Suppose researchers conducted a study to see if the mean body temperature for adults was different from 98.6 degrees Fahrenheit. For this study, they took a random sample of 25 healthy adults and found a mean body temperature of 98.2 degrees Fahrenheit for the sample with a standard deviation of 0.6 degrees. The temperatures of the sample participants were unimodal and symmetric.

a. Write the null hypothesis and alternative hypothesis and define your parameter.
b. Show that the necessary conditions (Randomization Condition, 10% Condition, Nearly Normal Condition) are satisfied to perform a hypothesis test. Briefly explain how each condition is satisfied.
c. Perform the hypothesis test and find the P-value. (To show your work: Write down which calculator you are using and what values you are entering into the calculator.)
d. Is there strong evidence that the mean body temperature is different than 98.6 degrees? Briefly explain how you know.

Answer 1

a. As this is a one-sample two-tailed t-test for the mean, the null and alternative hypothesis are:

`H_0: \mu=98.6\\\\H_a:\mu\\eq 98.6`

b. Conditions:

Randomization condition: the sample is selected randomly.

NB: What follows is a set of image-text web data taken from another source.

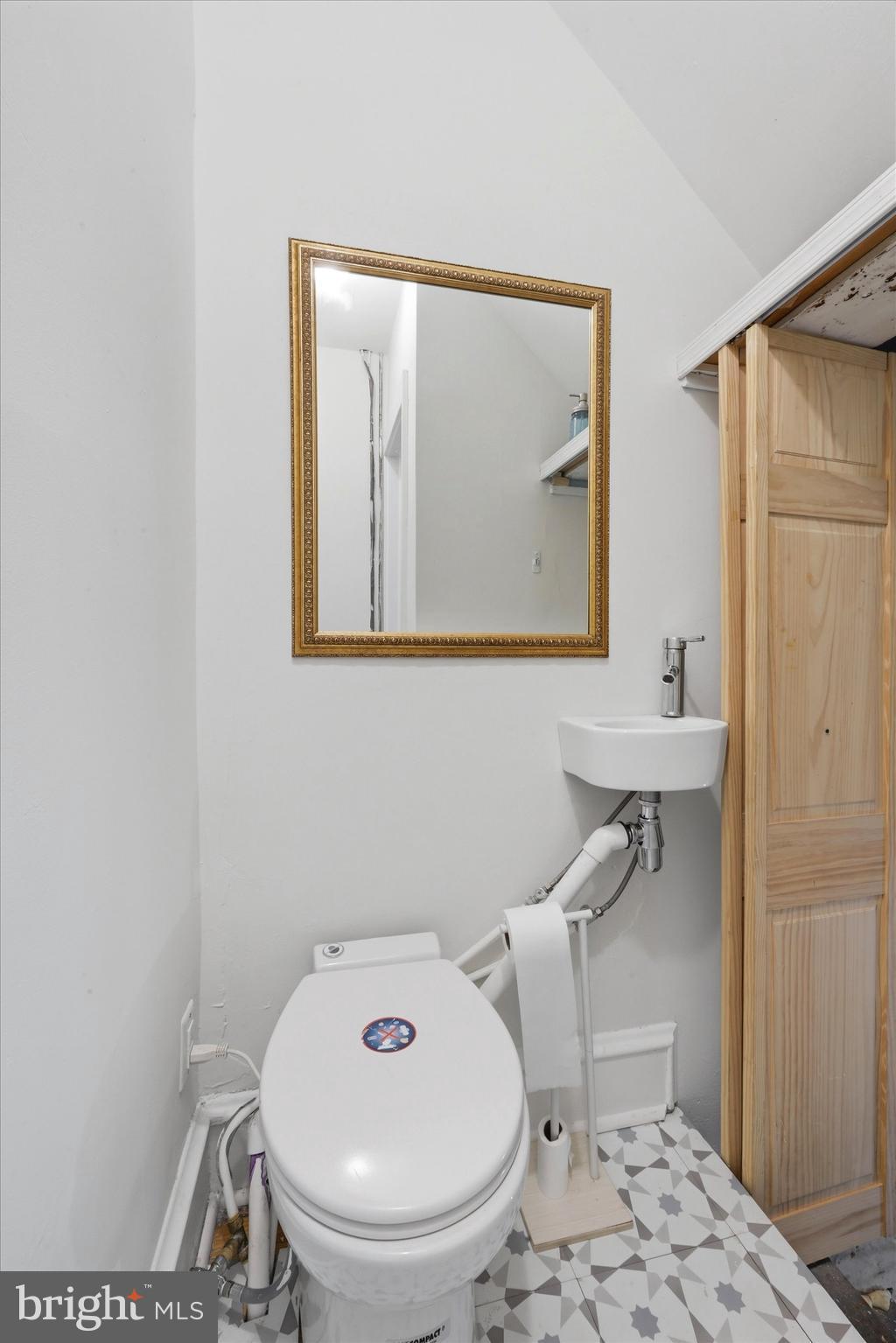 7864 Beverly Boulevard Upper Darby, PA 19082 - Photo 6 of 27 a bathroom with a toilet and a sink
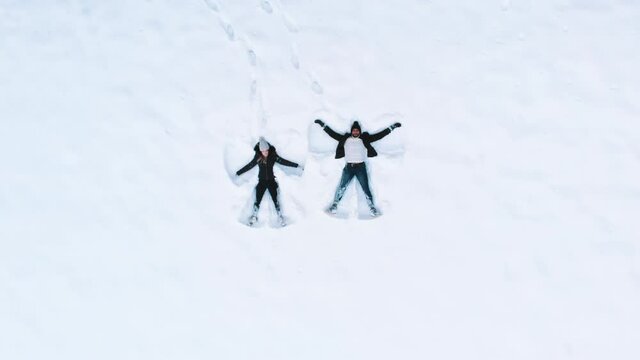 Slow-motion drone video of a happy young couple having fun during winter laying down on snow moving arms and legs. High angle view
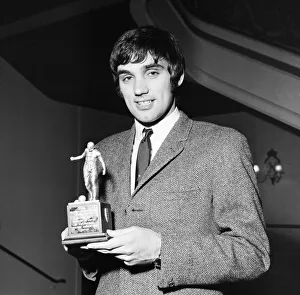 00475 Prints: Manchester United star George Best holding his Footballer of the Year trophy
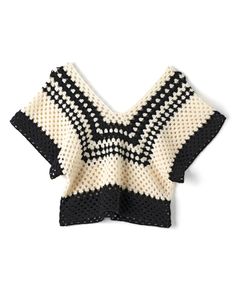 a black and white knitted sweater with an open v - neck, on a white background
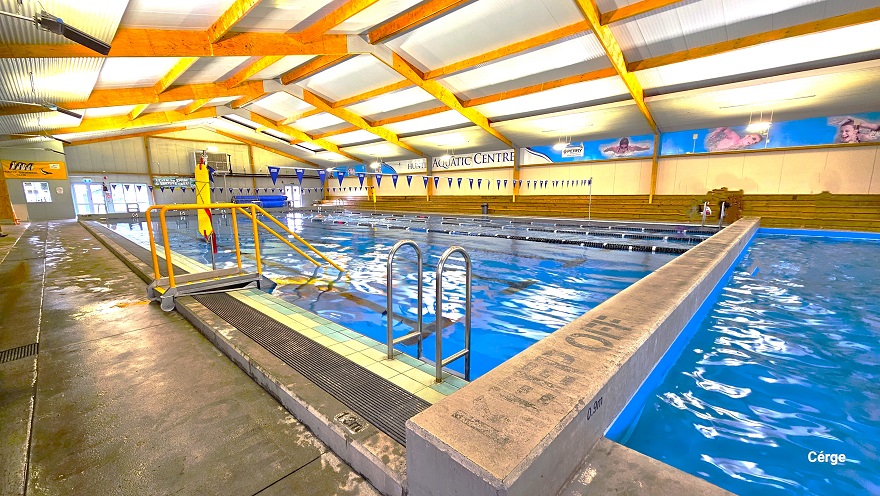 A pool wall divides the large pool and the small pools. On the top surface of this wall is a “Keep Off” phrase in black. Aside from the steel pool ladders, there is also another pool ladder but with small steel tubes of yellow handrails. Strings of triangular blue flags can be seen hanging above the large pool. Long rows of low-brown benches are available on the opposite side of this pool. A pool wall divides the large pool and the small pools. On the top surface of this wall is a “Keep Off” phrase in black. Aside from the steel pool ladders, there is also another pool ladder but with small steel tubes of yellow handrails. Strings of triangular blue flags can be seen hanging above the large pool. Long rows of low-brown benches are available on the opposite side of this pool.
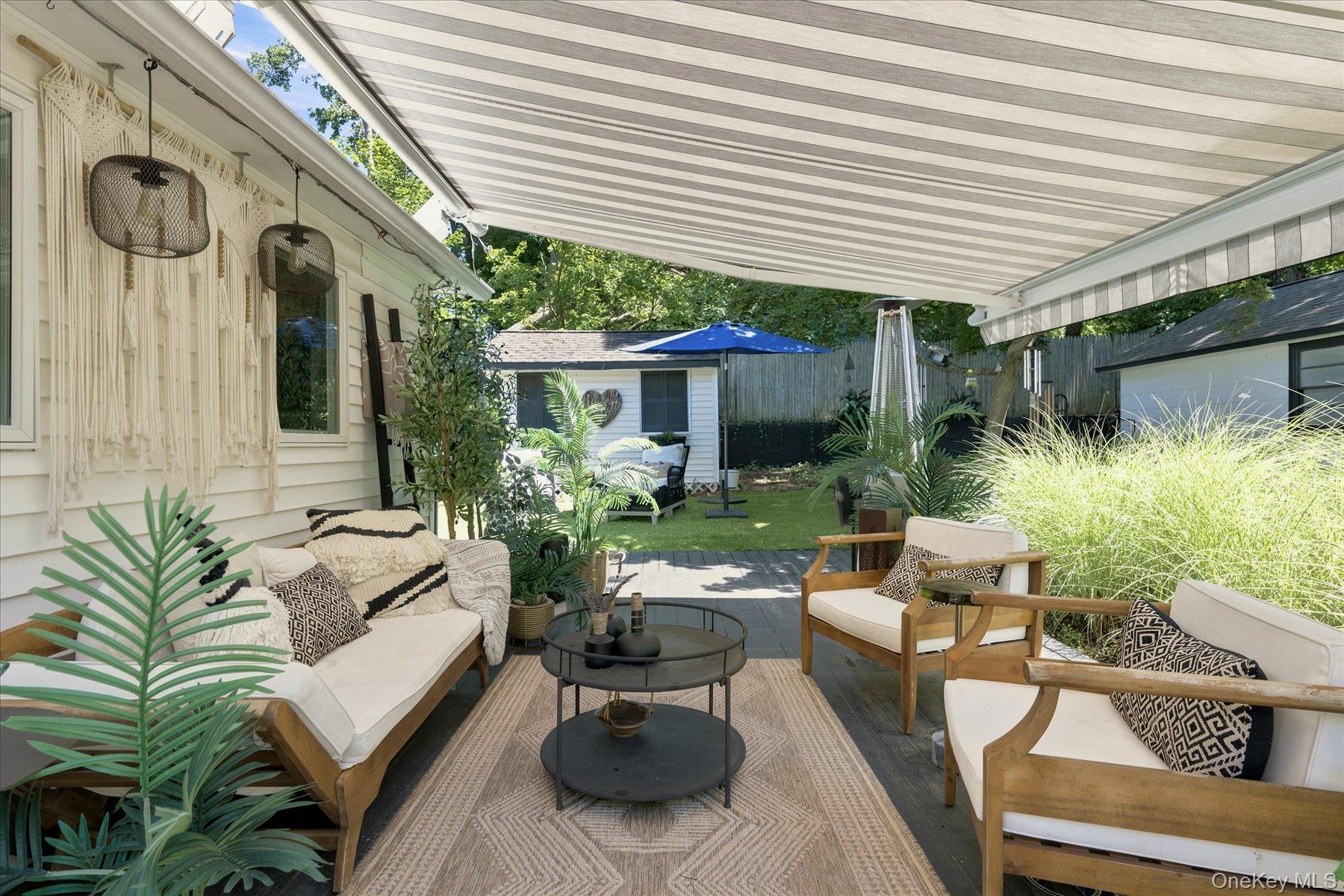 88 Cherry Road Rocky Point, NY 11778 - Photo 6 of 32 Retractable awning makes your deck like a private courtyard in all seasons and all types of weather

10% condition: the sample represents less than 10% of the population.

Nearly normal condition: the temperature is unimodal and symmetrical, so it can be approximated to a normal distribution.

c. In the step-by-step explanation.

d. There is strong evidence (signficance level α=0.05) to support the claim that the mean body temperature for adults is significantly different from 98.6 degrees Fahrenheit.

The P-value (P=0.003) shows that a sample result like this has very low prorbability if the null hypothesis is true, so it allows to think that the null hypothesis is not really correct.

Explanation:

This is a hypothesis test for the population mean.

The claim is that the mean body temperature for adults is significantly different from 98.6 degrees Fahrenheit. So this is a two-tailed test.

Then, the null and alternative hypothesis are:

`H_0: \mu=98.6\\\\H_a:\mu\\eq 98.6`

The significance level is assumed to be 0.05.

The sample has a size n=25.

The sample mean is M=98.2.

As the standard deviation of the population is not known, we estimate it with the sample standard deviation, that has a value of s=0.6.

The estimated standard error of the mean is computed using the formula:

`s_M=(s)/(√(n))=(0.6)/(√(25))=0.12`

Then, we can calculate the t-statistic as:

`t=(M-\mu)/(s/√(n))=(98.2-98.6)/(0.12)=(-0.4)/(0.12)=-3.33`

The degrees of freedom for this sample size are:

`df=n-1=25-1=24`

This test is a two-tailed test, with 24 degrees of freedom and t=-3.33, so the P-value for this test is calculated as (using a t-table):

`P-value=2\cdot P(t<-3.33)=0.003`

As the P-value (0.003) is smaller than the significance level (0.05), the effect is significant.

The null hypothesis is rejected.

There is strong evidence (signficance level α=0.05) to support the claim that the mean body temperature for adults is significantly different from 98.6 degrees Fahrenheit.